New claims for unemployment insurance fell for the second straight week, suggesting the economic recovery is motivating some companies to lay off fewer workers.

For the week ending, May 25, new claims dropped by a seasonally adjusted 12,000 to 410,000, the lowest level since March 16, the Labor Department reported Thursday. Claims fell by 3,000 the week before.

The more stable four-week moving average of new claims, which smoothes out weekly fluctuations, also fell last week to 418,500.

Although fewer Americans filed new applications, the level of claims continues to be high, a sign that the jobs market remains sluggish.

Even if companies reduce the speed at which they lay off workers, the jobless rate will keep rising if companies are reluctant to hire employees back.

The nation's unemployment rate jumped to 6 percent in April — the highest in nearly eight years — as jobseekers streamed back into the market faster than companies added new positions.

Many economists predict the unemployment rate will rise as high as 6.5 percent by June.

Companies — whose revenues and profits took a hit during the slump — are worried about the recovery's staying power and are reluctant to quickly hire back workers, crank up spending and make other big commitments until they are convinced the turnaround is for real, economists said.

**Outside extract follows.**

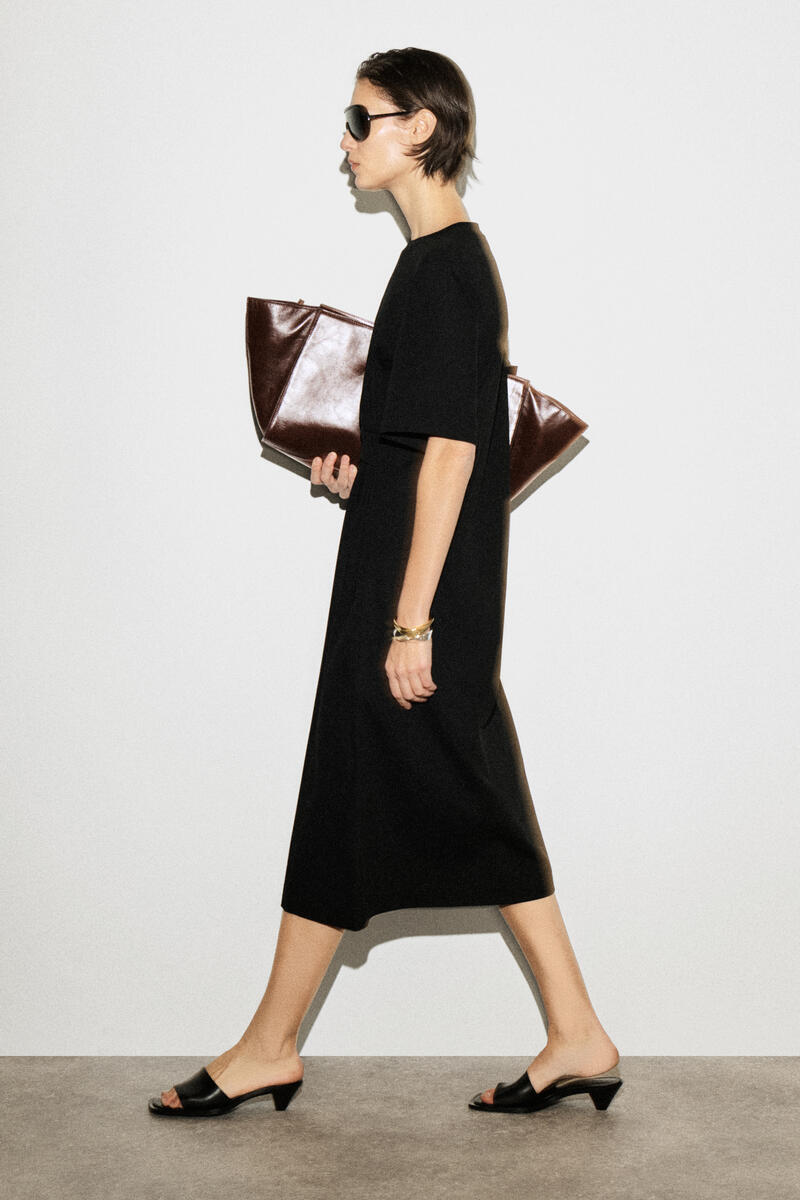 COS ベルトディテール　ミディTシャツワンピース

Thursday's report also showed that the number of unemployed workers continuing to draw jobless benefits rose to 3.89 million for the week ending May 18. That was the highest level since Jan. 15, 1983.

That suggests that laid-off workers are still having trouble finding a job.

Citing uncertainties about the vitality of the unfolding economic recovery, the Federal Reserve earlier this month decided to leave short-term interest rates unchanged at 40-year lows.

The specter of rising unemployment, along with the belief that consumers — who kept buying throughout last year's recession, won't have a lot of pent-up demand coming out of it — were factors in the Fed policy-makers' decision to hold rates steady. Many economists predict the Fed will leave rates unchanged through the summer.

Low rates might motivate consumers, whose spending accounts for two-thirds of all economic activity in the United States, to keep on spending and businesses to step up investment, thus helping along the recovery.